Thursday, July 14, 2022
Ying Sun and Hualing Fu, "The Quota Reform in Chinese Courts and Its Implications" (European Chinese Law Research Hub)
The folks over at the European Chinese Law Research Hub
(with thanks to Marianne von Blomberg, Editor ECLR Hub, Research
Associate, Chair for Chinese Legal Culture, University of Cologne) have
posted a marvelous discussion of a new paper by Ying Sun (associate professor at the School of Law, Sun Yat-sen University, China) and Hualing Fu (dean and the Warren Chan professor in human rights and responsibilities at the Faculty of Law of the University of Hong Kong). Marianne von Bloomberg explains:
The quota reform 员额制改革 has transformed the ranks of personnel in Chinese courts nationwide. The reform plan aimed to professionalize the judiciary by better separating adjudication work from political and administrative work in the courts. How did the plans unfold in courts, and how do judges react? Ying Sun (Sun Yat-sen Uni) and Fu Hualing (HKU Law, and also keynote speaker at our forthcoming Annual Conference in Copenhagen!) investigated the implications of the quota reform from the ground up.
One
of the most interesting aspects of the paper touches on the strategic
utility of administrative discipline in the effort to make courts more efficient. Yet intimately tied with this effort is another--the object to make judicial decision making fairer and to coordinate decision making to enhance predictability and avoid substantial personal deviation in outcome. To that end, even as Chinese authorities have sought to better professionalize the judiciary through projects of division of labor and functional differentiation, the authorities have also developed robust processes for disciplining judicial decision making. Though subject to the usual demonification by Western press organs looking to manage mass campaigns (China uses AI to 'improve' courts - with computers 'correcting
perceived human errors in a verdict' and JUDGES forced to submit a
written explanation to the MACHINE if they disagree; ), the two efforts promise a measure of coordination and discipline in the operation of the Chinese judicial system. That produces an irony. Sun and Fu argue: "The centre-piece of judge quota reform was to free frontline judges
from bureaucratic control in judicial decision that they used to be
subjected to, and to abolish the vetting system that required judges to
submit their draft opinions to leaders for approval, all to facilitate
and promote individualized judging." That is true. Nonetheless, the move toward AI assisted judging, and its use for assessing judicial performance returns the judge to the constraints of collective decision making, leaving open the possibility of deviation, but now requiring justification ("Judges must now consult the AI on every case by law, Beijing's Supreme Court said in an update on the system published this week, and if they go against its recommendation they must submit a written explanation for why." (here)). A recent article in the South China Morning Post noted:
Artificial intelligence has been used in all corners of China’s legal system and has a role in every verdict, according to the Supreme People’s Court in Beijing. “The smart court SoS (system of systems) now connects to the desk of every working judge across the country,” said Xu Jianfeng, director of the supreme court’s information centre in a report published on Tuesday in Strategic Study of CAE, an official journal run by the Chinese Academy of Engineering. The system, powered by machine learning technology, automatically screens court cases for references, recommends laws and regulations, drafts legal documents and alters perceived human errors, if any, in a verdict. (China’s court AI reaches every corner of justice system, advising judges and streamlining punishment
)
Professionalization of the judiciary, then, is not an ends in itself--it is the means through which better data may be harvested by judicial AI for better and more consistent decision making across the judicial system as a whole. It is the AI system itself rather than the judiciary that ought to be understood as the core objective of the efforts so well considered by Sun and Fu.

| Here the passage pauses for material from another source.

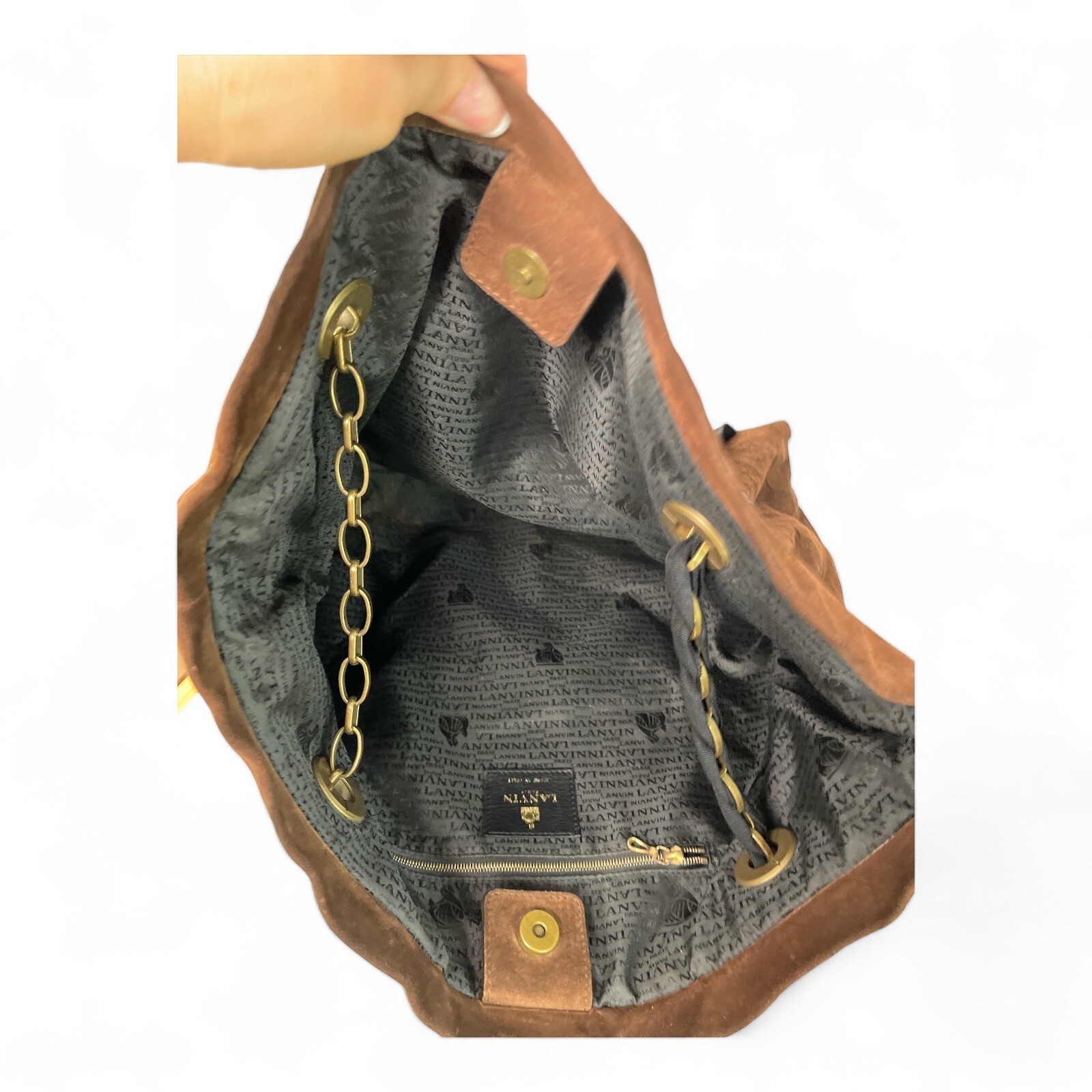 LANVIN "Amalia" Python Print Brown Suede Bucket S… - image 15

I am cross posting the essay below. The original ECLRH post may be accessed HERE.
And as a plug for the marvelous work at the European Chinese Law
Research Hub: if you have observations, analyses or pieces of research
that are not publishable as a paper but should get out there, or want to
spread event information, calls for papers or job openings, or have a
paper forthcoming- do not hesitate to contact Marianne von Bloomberg.
Haikou Intermediate People’s Court. Photo by Anna Frodesiak
From the year 2014 a new round of judicial reform was launched in
Chinese courts all over the country. For Chinese judges, the most
significant change is the “quota reform”(员额制改革). The quota reform aims
to professionalize the ranks of adjudicators: by edging out a given
percentage of judges, only the better qualified judges would be
re-appointed. The background of the quota reform is the plan to reduce
the level and the intensity of both political and bureaucratic control
over judges in adjudication and to decentralize judicial power to the
rank and file judges only, restoring individualized judging while
enhancing judicial accountability.
A keen interest in the details of the quota reform drew the author
(Ying Sun) to conducting interviews and observations in Guangdong
province, Henan province and other places. She gained first-hand
insights into how the quota reform is implemented and how the judges saw
it.
Before the reform, the number of judges in Chinese courts were calculated in three groups:
the overall size of the judiciary, including judges, but also political and managerial staff and supporting personnel;
the
number of judges, i.e. those with proper judicial qualification and,
importantly, the percentage of judges in the overall established
judicial size; and
the number of so-called “frontline judges” (yixian faguan一线法官),
i.e. judges who actually adjudicate cases as judges and their
percentage among judges excluding judges holding management positions
who are assigned to non-judicial posts.
In 2002, nationwide, there were approximately 210,000 judges and 150,000 of them were frontliners. [1]
The number and percentage of the frontline judges had remained stable
(211,990 judges in 2014) prior to the reforms. A remaining three types
of judges did little or no judging. The first group involved judges in
management positions, including presidents, vice presidents and chief
judges in professional chambers and their deputies; the second, judges
who had transferred from professional chambers to political and
administrative departments within the courts; the third, judges whose
sole responsibility was to execute judgments. The long term objective of
quota reform was to limit judgeship to judges whose principal job was
to judge.
The reform caused a significant shake-up in the overall profile of
the judiciary, with a large number of former judges ceasing to be
judges. The court at hand however was able to absorb and neutralize the
reform impact throughout its implementation.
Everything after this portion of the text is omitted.